AMBASCIATORE DEL MONDO - «Non mi sento ambasciatore del mondo, preferirei casomai esserlo in Italia, Paese che stenta ad aprirsi a esperienze internazionali. Poi magari come ambasciatore creerei incidenti diplomatici».

LA VIA DEL PETROLIO - Emozionante, per Bertolucci, rivedere in Sala Grande il suo primo e unico documentario, in versione restaurata, "La via del petrolio". «Un po’ lo temevo - ribatte Bertolucci - Marco Müller mi diceva che era uno dei miei film più belli ed io ne ero anche risentito.

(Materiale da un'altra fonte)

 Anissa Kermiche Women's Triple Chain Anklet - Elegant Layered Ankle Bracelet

Pensavo: ma Müller mi fa un omaggio o un tranello? In realtà, più che ritrovato, è stato riesumato. Anch’io non lo vedevo dal ’66, chi se lo ricordava? Approdare in Sala Grande l’altro giorno è stato come vederlo per la prima volta. E nello stesso tempo mi confrontavo con l’immagine di me a 23 anni, ho sentito la mia energia di allora, ho avvertito i semi di una tentazione verso l’epicità, che anni dopo ho esplorato in "Novecento" e "L’ultimo imperatore". Ho capito che avevo dedicato questo documentario a Mattei, che mio padre mi aveva presentato anni prima, pensando a cosa gli sarebbe piaciuto vedere. E sono stato felice di rivederlo».

CINEMA ITALIANO & VENEZIA - I tre film italiani in concorso alla 64.

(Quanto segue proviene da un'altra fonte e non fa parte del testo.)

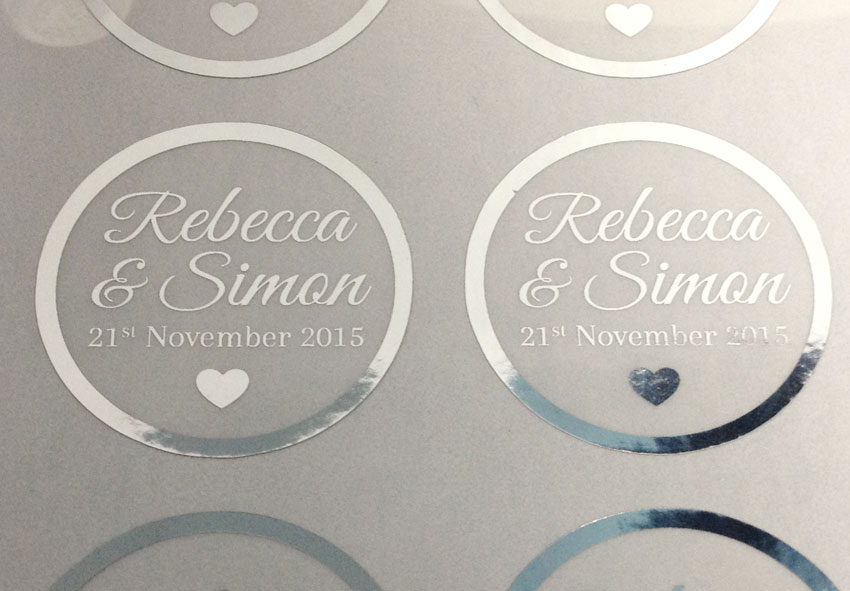 Express Transparent Silver Sticker Label Custom Size Digital 4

Mostra non sono piaciuti molto, ma Bertolucci non vuole entrare nel merito, preferisce allargare lo sguardo. «C’è una costante a Venezia, e l’ho vissuta sulla mia pelle. Venezia non è facile per il cinema italiano, più volte sono partito da qui con l’amaro in bocca. Ogni 3 o 4 anni si parla di crisi del cinema italiano, sin dalla prima volta che sono approdato al Lido: era il 1962, portavo "La comare secca". Sono passati 45 anni e sono ancora qui. Credo che la cosa più importante da fare sia curare il rapporto tra gli autori cinematografici e le istituzioni. Io faccio parte di un gruppo, i Centoautori, qualcosa di nuovo nato in modo spontaneo, e in cui mi sento bene. Abbiamo iniziato un dialogo col ministero della Cultura e contiamo che questo dialogo possa portarci a condividere la nuova legge del cinema. Ci contiamo con molta, fiducia. Questo aiuterà il cinema italiano. Credo sia importante per il nostro Paese. Speriamo di potere fare tante opere prime e seconde, che i giovani possano farsi accompagnare da noi con curiosità verso la mutazione costante che il cinema può proporci».